*** Task input ***

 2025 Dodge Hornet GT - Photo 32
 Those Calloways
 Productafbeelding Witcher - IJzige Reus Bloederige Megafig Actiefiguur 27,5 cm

*** End of Task input ***
*** Task input ***

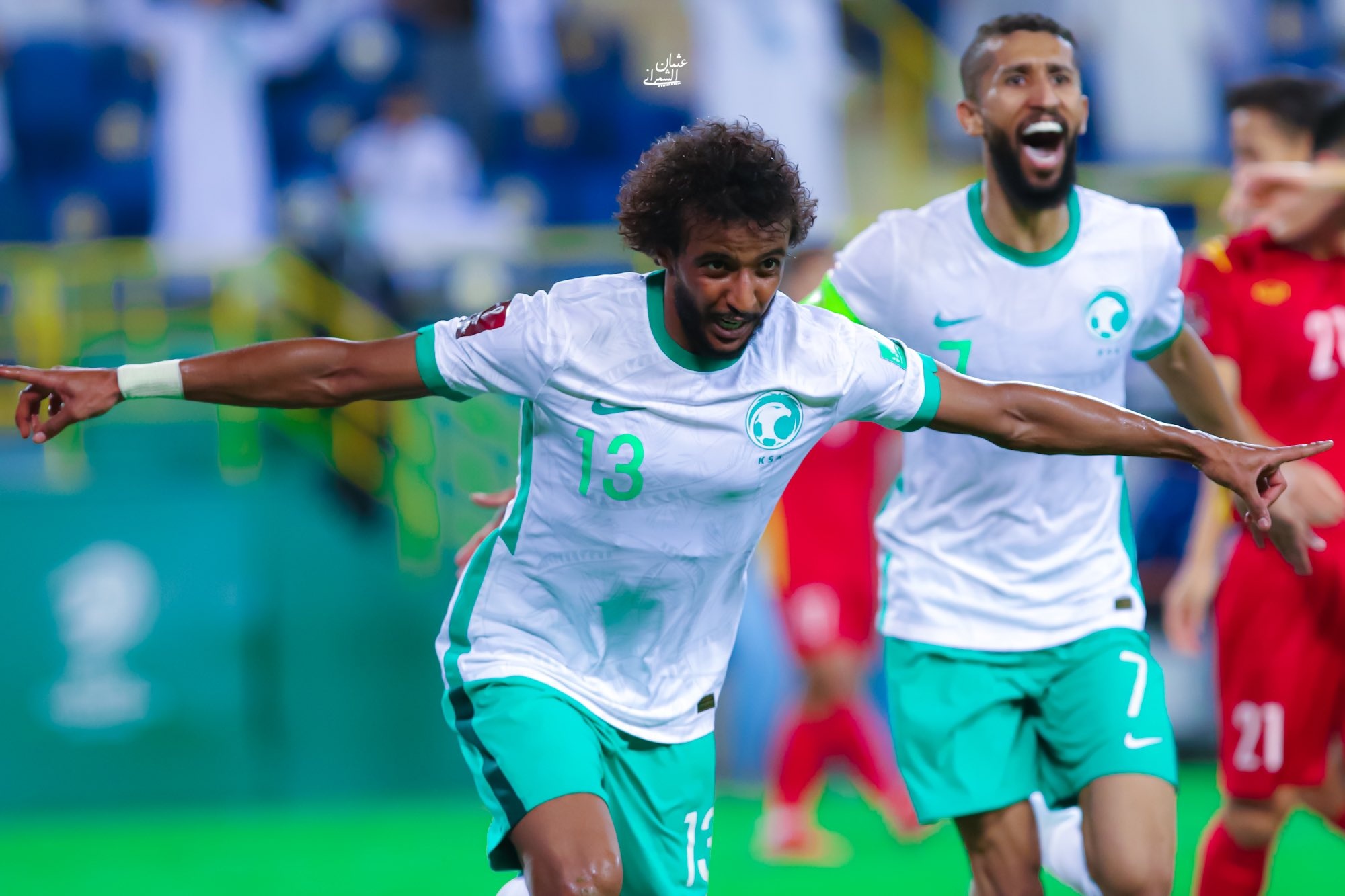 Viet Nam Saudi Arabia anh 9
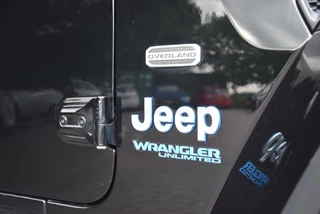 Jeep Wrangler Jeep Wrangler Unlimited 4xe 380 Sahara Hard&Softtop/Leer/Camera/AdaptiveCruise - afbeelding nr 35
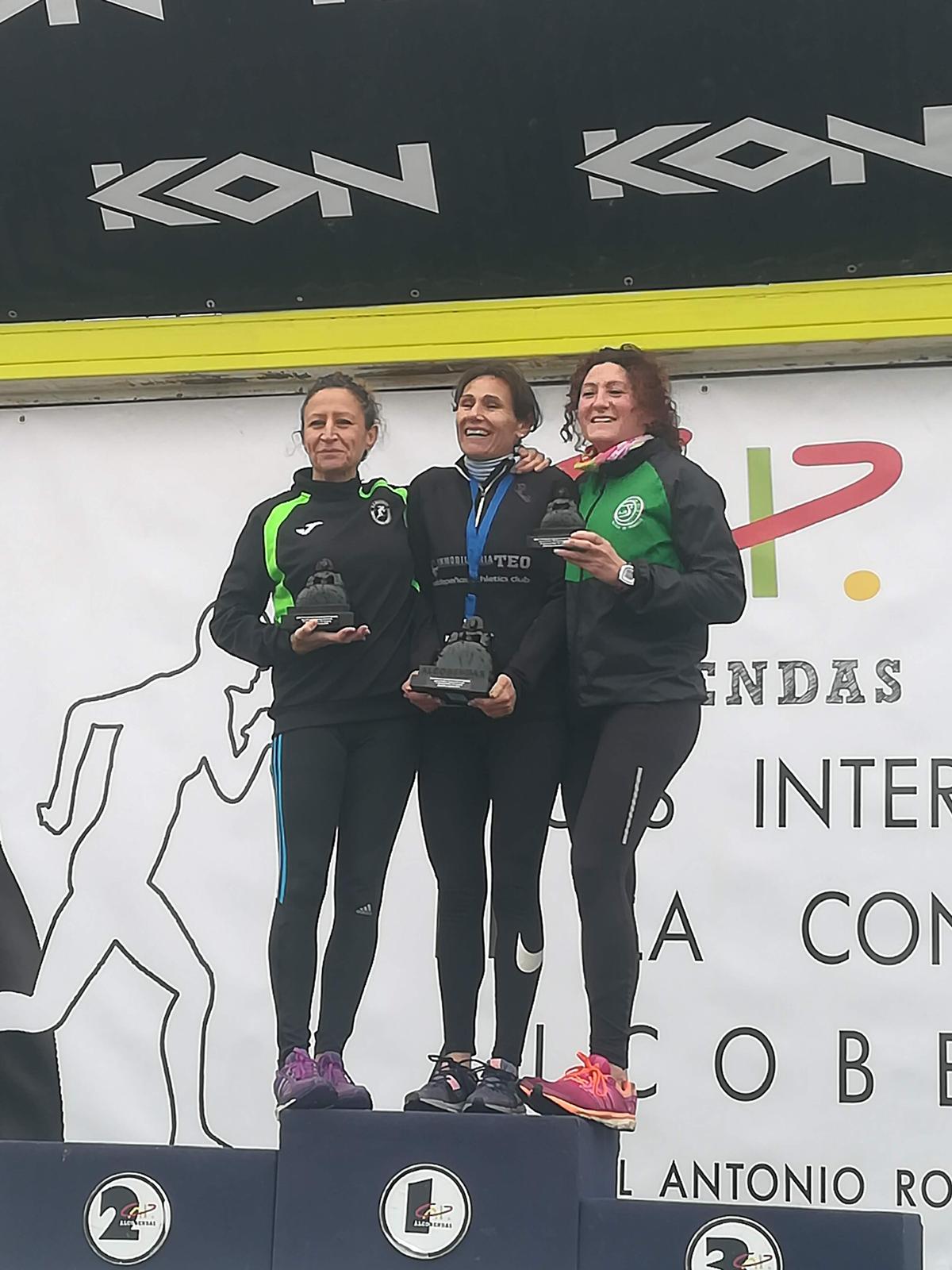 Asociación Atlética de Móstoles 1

*** End of Task input ***

◆ Exercise goal
All that should be printed is the run of lines above from the one with "Jeep Wrangler Jeep" through the one with "Asociación Atlética de Móstoles 1", both included, exactly as given, with pictures left out.

◆ Solution to this task
 Jeep Wrangler Jeep Wrangler Unlimited 4xe 380 Sahara Hard&Softtop/Leer/Camera/AdaptiveCruise - afbeelding nr 35
 Asociación Atlética de Móstoles 1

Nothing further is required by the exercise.